• Task brief:
Look through the data below. Show each line where the string "plate" occurs.

• Recorded information:
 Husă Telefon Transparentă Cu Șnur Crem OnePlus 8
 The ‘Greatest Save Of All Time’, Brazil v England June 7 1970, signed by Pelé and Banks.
* * *
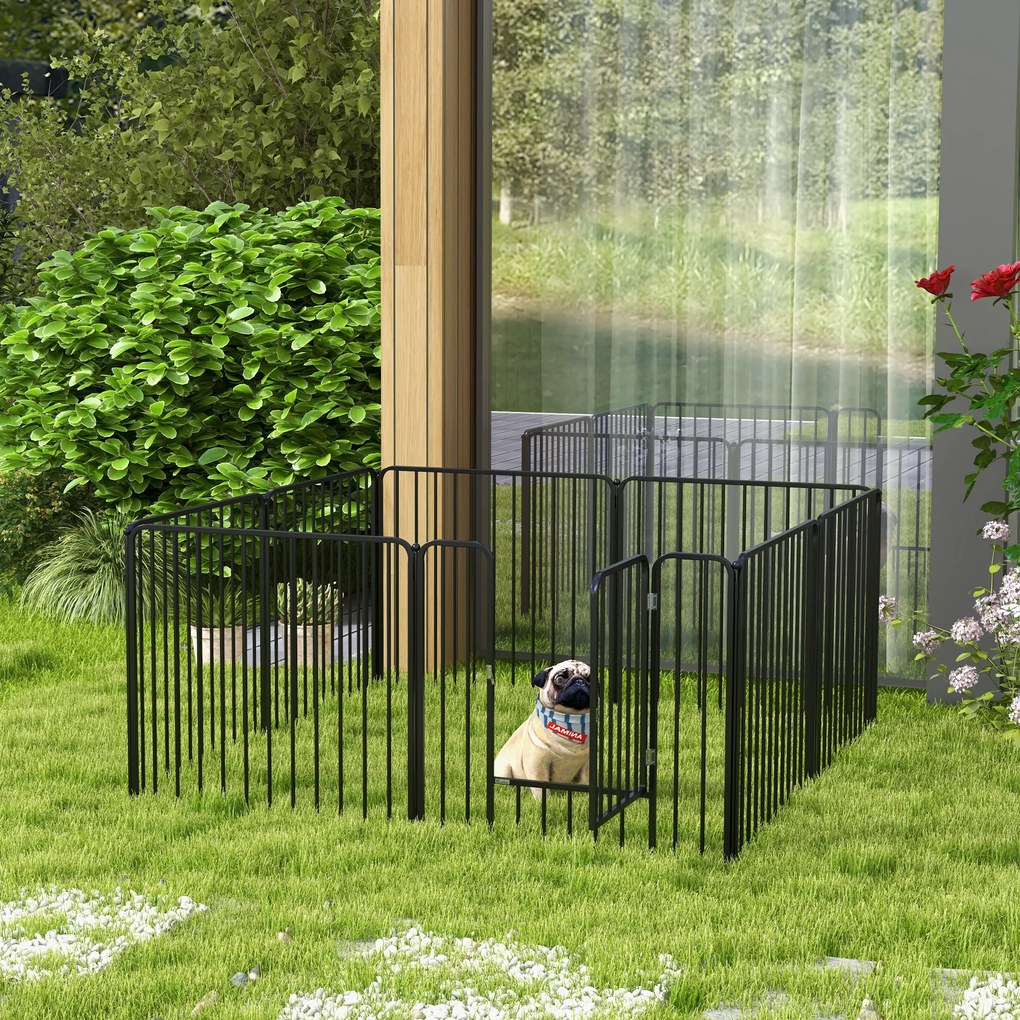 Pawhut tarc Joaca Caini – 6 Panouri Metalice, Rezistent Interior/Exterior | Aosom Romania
--
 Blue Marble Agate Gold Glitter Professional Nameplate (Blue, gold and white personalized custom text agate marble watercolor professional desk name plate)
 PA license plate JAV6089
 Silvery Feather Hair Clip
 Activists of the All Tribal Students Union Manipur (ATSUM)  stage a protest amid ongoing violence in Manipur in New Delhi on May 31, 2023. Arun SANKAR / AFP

• Solved problem:
 Blue Marble Agate Gold Glitter Professional Nameplate (Blue, gold and white personalized custom text agate marble watercolor professional desk name plate)
 PA license plate JAV6089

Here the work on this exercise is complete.